Allies fanned outrage

Tactics used to stoke doubt may have lasting impact

President Donald Trump and First Lady Melania disembark from Air Force One at Palm Beach Airport, Florida, on their way to Mar-a-Lago. (AFP)

Washington: The release of the memo mattered less than #releasethememo.

After weeks of build-up, the three-and-a-half-page document about alleged FBI abuses during the 2016 presidential campaign made public on Friday was broadly greeted with criticism, including by some Republicans. They said it cherry-picked information, made false assertions and was overly focused on an obscure, low-level Trump campaign adviser, Carter Page.
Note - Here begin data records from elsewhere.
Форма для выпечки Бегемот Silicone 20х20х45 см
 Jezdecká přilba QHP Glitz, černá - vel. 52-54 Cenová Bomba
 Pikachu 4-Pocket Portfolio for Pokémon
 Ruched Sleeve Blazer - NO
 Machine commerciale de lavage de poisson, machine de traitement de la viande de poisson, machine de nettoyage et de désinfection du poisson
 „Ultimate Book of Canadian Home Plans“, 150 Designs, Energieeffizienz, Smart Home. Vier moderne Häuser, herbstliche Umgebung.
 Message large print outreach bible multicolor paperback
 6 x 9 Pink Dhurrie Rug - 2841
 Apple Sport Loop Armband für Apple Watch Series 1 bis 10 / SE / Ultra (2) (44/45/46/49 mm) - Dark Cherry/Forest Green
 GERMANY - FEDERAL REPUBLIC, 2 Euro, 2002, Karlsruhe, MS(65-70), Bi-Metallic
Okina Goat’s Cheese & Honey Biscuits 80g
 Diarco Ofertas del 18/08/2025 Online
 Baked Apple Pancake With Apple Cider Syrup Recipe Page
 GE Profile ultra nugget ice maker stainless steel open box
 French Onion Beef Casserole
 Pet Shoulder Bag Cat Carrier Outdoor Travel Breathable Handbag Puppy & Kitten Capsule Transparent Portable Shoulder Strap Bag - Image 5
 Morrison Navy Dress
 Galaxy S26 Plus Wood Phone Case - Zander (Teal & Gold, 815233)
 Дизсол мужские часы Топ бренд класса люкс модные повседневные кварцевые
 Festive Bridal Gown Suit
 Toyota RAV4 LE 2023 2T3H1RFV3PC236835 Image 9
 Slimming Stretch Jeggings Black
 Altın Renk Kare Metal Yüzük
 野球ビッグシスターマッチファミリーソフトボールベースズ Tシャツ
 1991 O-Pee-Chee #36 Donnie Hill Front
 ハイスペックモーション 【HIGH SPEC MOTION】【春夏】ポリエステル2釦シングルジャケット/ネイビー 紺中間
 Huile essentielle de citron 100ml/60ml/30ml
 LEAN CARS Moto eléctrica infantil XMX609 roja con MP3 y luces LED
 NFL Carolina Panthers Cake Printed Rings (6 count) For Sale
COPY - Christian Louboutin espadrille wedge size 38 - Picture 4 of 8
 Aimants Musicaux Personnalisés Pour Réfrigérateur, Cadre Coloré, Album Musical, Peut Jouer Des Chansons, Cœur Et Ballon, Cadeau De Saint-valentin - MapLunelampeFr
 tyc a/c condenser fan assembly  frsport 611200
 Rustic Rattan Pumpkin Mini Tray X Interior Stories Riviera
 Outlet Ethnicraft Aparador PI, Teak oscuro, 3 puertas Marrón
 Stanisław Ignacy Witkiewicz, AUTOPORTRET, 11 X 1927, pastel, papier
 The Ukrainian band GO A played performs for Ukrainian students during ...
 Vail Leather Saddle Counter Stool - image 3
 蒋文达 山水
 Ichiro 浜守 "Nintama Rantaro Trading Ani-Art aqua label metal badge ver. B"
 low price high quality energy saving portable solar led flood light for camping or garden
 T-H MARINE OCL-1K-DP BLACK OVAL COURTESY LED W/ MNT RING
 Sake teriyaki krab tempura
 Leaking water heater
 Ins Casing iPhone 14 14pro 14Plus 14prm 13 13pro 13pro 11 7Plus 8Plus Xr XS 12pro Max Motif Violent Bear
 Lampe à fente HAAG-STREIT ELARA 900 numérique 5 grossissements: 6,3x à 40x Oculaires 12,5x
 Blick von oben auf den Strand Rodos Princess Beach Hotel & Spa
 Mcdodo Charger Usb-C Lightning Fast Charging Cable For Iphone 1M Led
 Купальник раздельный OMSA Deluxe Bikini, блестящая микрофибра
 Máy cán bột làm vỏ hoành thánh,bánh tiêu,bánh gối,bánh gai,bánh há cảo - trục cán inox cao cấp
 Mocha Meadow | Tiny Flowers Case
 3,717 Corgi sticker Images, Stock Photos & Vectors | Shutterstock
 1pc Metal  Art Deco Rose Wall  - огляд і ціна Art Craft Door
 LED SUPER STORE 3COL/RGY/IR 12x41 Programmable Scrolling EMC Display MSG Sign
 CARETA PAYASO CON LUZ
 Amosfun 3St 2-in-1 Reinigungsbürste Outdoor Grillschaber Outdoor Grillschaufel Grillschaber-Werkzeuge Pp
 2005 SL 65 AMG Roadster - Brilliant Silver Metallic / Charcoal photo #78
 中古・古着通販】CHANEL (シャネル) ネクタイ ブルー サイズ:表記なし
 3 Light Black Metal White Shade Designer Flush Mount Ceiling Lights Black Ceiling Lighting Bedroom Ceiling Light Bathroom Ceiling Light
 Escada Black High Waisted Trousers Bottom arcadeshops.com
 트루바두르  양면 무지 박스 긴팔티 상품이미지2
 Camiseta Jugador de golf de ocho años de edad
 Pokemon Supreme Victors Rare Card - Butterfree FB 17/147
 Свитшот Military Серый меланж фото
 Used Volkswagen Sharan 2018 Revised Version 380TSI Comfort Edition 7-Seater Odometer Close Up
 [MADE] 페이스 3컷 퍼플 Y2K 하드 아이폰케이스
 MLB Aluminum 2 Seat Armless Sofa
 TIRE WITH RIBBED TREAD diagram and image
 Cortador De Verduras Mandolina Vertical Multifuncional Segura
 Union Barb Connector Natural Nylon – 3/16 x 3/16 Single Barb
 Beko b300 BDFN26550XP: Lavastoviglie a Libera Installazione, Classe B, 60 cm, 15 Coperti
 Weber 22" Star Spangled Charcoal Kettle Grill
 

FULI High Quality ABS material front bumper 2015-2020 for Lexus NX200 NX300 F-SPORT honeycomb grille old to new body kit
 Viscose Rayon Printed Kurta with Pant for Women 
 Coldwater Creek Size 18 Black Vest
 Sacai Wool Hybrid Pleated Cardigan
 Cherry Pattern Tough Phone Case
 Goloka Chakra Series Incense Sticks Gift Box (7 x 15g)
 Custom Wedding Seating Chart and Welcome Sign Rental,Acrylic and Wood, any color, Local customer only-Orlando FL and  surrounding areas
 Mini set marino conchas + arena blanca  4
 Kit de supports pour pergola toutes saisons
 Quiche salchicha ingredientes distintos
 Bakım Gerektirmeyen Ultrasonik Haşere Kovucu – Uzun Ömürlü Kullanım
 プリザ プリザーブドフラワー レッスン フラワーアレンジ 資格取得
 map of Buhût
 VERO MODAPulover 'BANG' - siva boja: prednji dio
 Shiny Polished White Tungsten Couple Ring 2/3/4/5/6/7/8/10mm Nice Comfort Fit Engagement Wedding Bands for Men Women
It didn't live up to the hype.

But the campaign, captured in the hashtag #releasethememo, which was trending on Twitter for days, may have a far more significant impact than the memo's contents. It was a choreographed effort by House Republicans and top White

House officials to push a highly contentious theme - that the FBI and the justice department abused their powers to spy on the Trump campaign, and relied on dodgy information from a former British spy paid by Democratic operatives.

What began as an ember more than two weeks ago was fanned into a blaze by conservative media titans, presidential tweets and Republican lawmakers urging people to use social media to pressure Congress to make the memo's contents public. "I invite everybody to use the hashtag #releasethememo," Representative Raúl Labrador, the Idaho Republican, said on Fox News during the campaign's infancy, adding that Americans would be "shocked" when the memo was released.

By Friday, it was obvious that the memo had become part of a proxy fight for the larger battle that the White House is now waging to discredit the Russia investigation led by Robert S. Mueller III, the special counsel. By promoting the idea that the Mueller inquiry was born from a corrupt and partisan process, his entire investigation can be tarred as a biased inquisition.

Two hours after the memo's release, the White House issued a statement saying the document "raises serious concerns about the integrity of decisions made at the highest levels of the department of justice and the FBI to use the government's most intrusive surveillance tools against American citizens."

The barrage that the President and his allies have launched at the FBI is focused on one small part of the mission - surveillance warrants - in an agency of 35,000 people that investigates everything from bank robberies to human trafficking to Wall Street malfeasance. But Trump could have more ammunition in the coming weeks as the justice department's inspector general finishes a report.